BEGIN DATASET EXTRACT
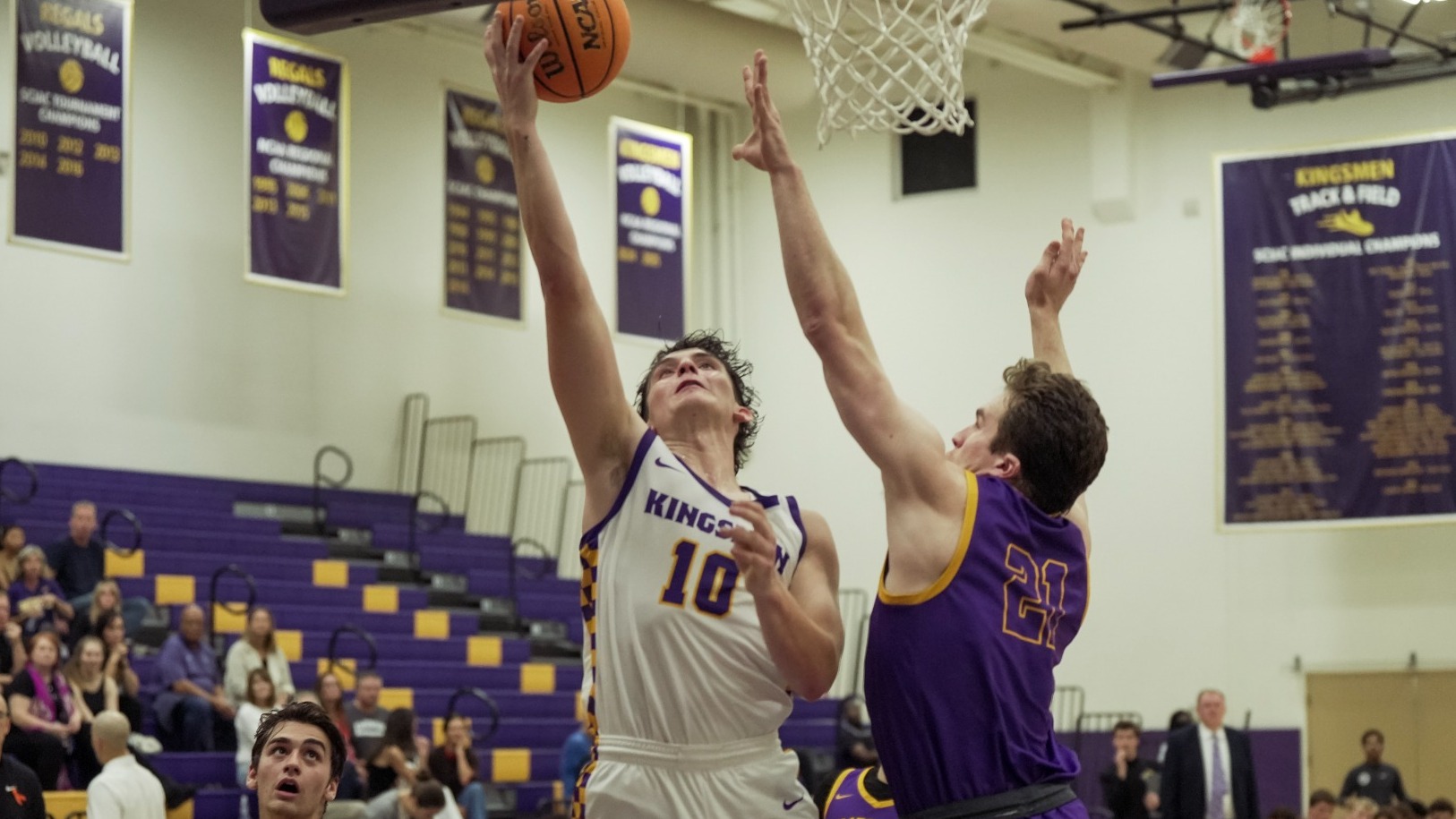 matt verkamp dec 2025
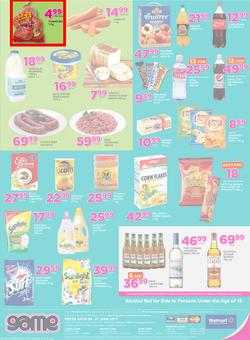 Game Zambia : Nobody Beats Our Birthday Prices (8 June - 21 June 2017), page 8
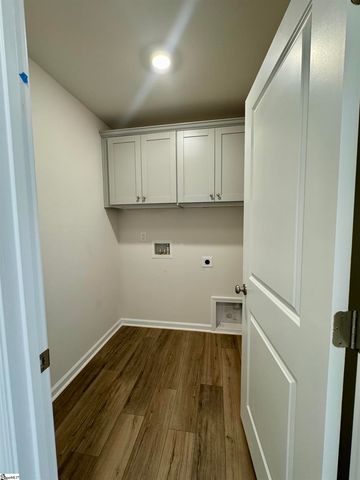 12102 Lansbury Drive lot 26, Inman, SC 29349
END DATASET EXTRACT
§ **DESCRIPTION OF THE TASK**: Reproduce, word for word, everything in the listing above except the pictures.

§ **EXERCISE OUTPUT**:
 matt verkamp dec 2025
 Game Zambia : Nobody Beats Our Birthday Prices (8 June - 21 June 2017), page 8
 12102 Lansbury Drive lot 26, Inman, SC 29349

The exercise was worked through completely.